▸ TASK DIRECTIONS:
Set down the listing exactly as given, minus images.

▸ SUPPLIED DATA:
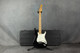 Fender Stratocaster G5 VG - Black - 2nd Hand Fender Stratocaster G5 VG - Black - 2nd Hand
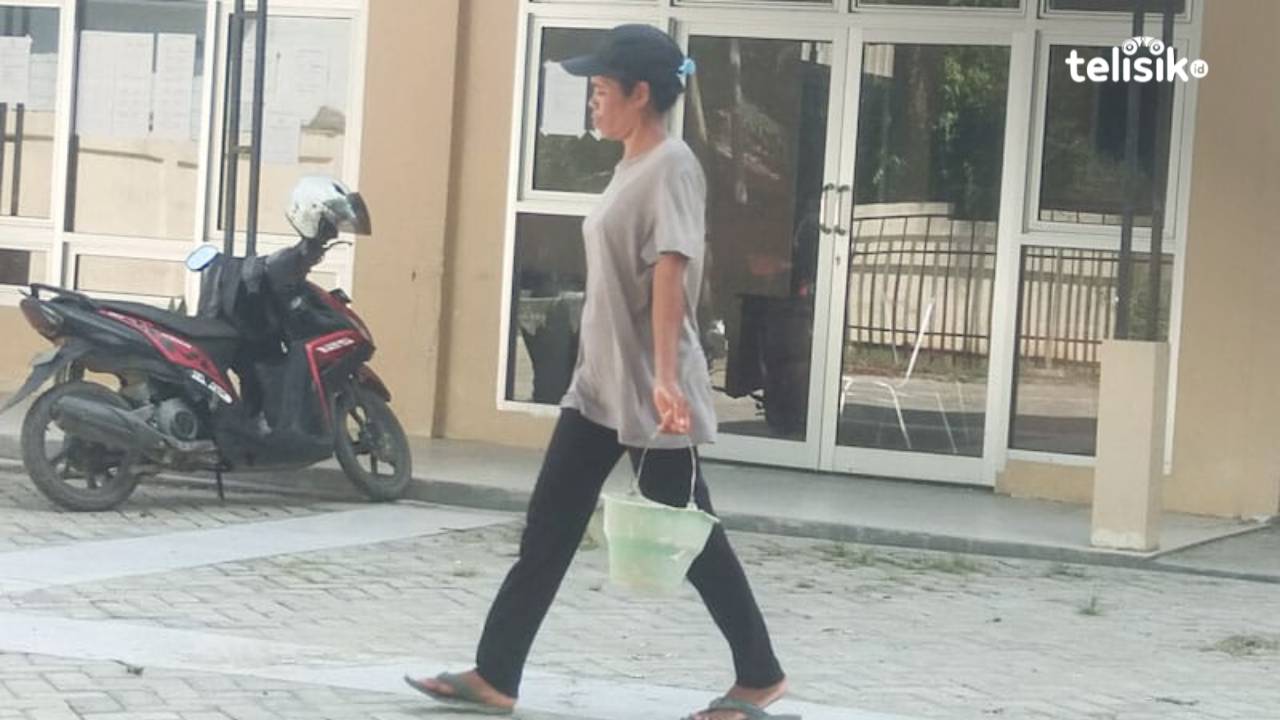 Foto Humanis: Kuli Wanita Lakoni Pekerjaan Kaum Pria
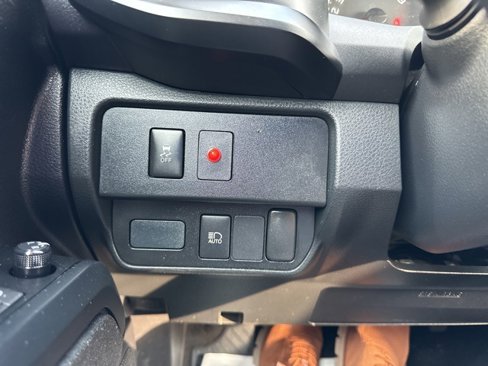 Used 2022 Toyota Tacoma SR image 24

▸ ANSWER BOX:
 Fender Stratocaster G5 VG - Black - 2nd Hand Fender Stratocaster G5 VG - Black - 2nd Hand
 Foto Humanis: Kuli Wanita Lakoni Pekerjaan Kaum Pria
 Used 2022 Toyota Tacoma SR image 24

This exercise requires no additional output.